What is the importance of the economic data?

• The ANZ/Roy Morgan weekly survey of consumer confidence closely tracks the monthly Westpac/Melbourne Institute consumer sentiment index but the former measure is a timelier assessment of consumer attitudes and is now closely tracked by the Reserve Bank.

What are the implications for interest rates and investors?

• Aussie consumers continue to lack confidence about their economic futures. Consumer sentiment towards the economy remains subdued. A summer of natural disasters has tested our resolve. And now Aussie businesses and workers face the prospect of a global economic slowdown with our largest trading partner – China – at the epicentre of the COVID-19 epidemic.

• Bloomberg estimates just 50-60 per cent of Chinese factories and businesses have reopened after the enforced extension to the Lunar New Year holiday break.
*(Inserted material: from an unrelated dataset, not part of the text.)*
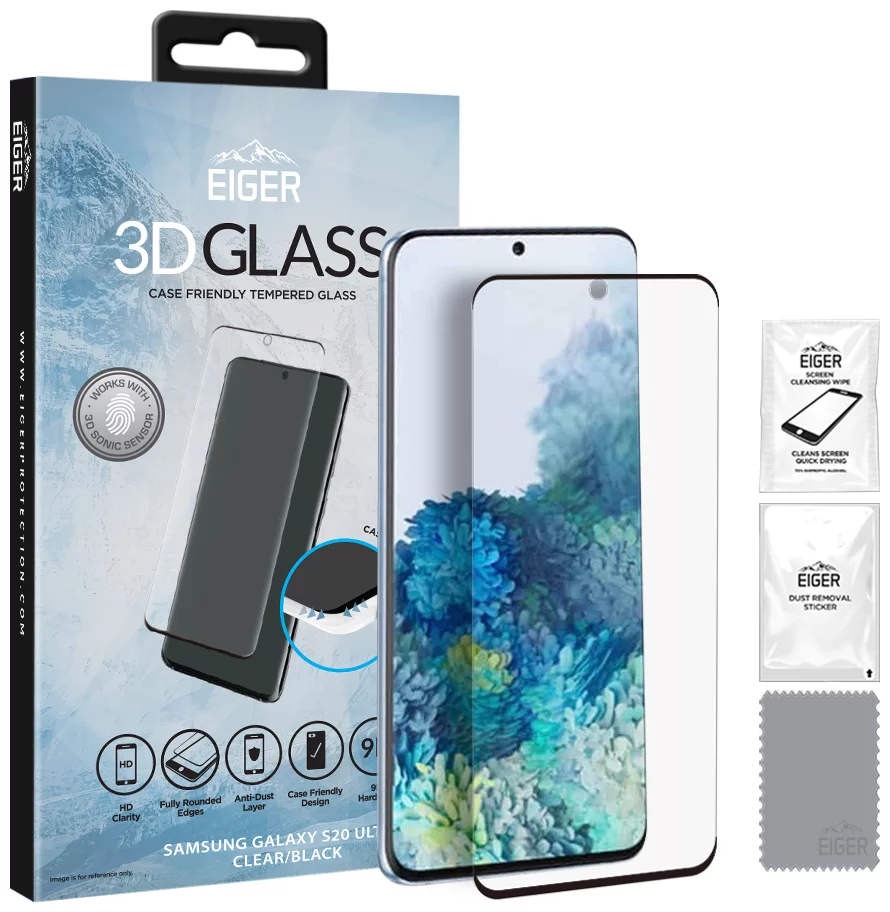 Ochranné sklo Eiger 3D GLASS Case Friendly Glass Screen Protector for Samsung Galaxy S20 Ultra in Clear/Black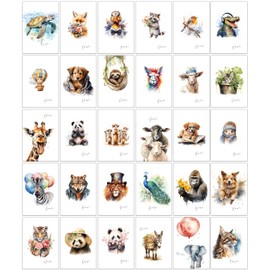 the lazy panda card company 30 Thank You Cards - 30 Different Watercolour Drawings of Animals as Thank You Cards with Envelopes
While the actual cost to the Aussie economy is still unknown, reduced Chinese demand for iron ore, coal, natural gas and agricultural produce will hurt Aussie exporters and producers. And a China travel ban threatens Australia’s education and tourism sectors.

• Central banks stand ready to provide policy support to the global economy as virus fears threaten the fragile recovery after a ceasefire in the 2-year long US-China trade war. But with monetary policy ‘ammo’ diminishing, governments need to step up to the plate and provide fiscal stimulus.

• The Reserve Bank will be relieved that Aussie dollar weakness – at 11-year lows against the greenback – is acting as a ‘shock absorber’ for the economy. But consumers often take a different view as overseas holidays and imported goods become more expensive. And the COVID-19 epidemic raises the spectre of casual and part-time job losses in the retail, tourism and education sectors.

• Commonwealth Bank Group economists expect policy makers to cut interest rates in the coming months to support the economy. Pressure is also building on the Federal government to announce significant fiscal initiatives in the May Budget.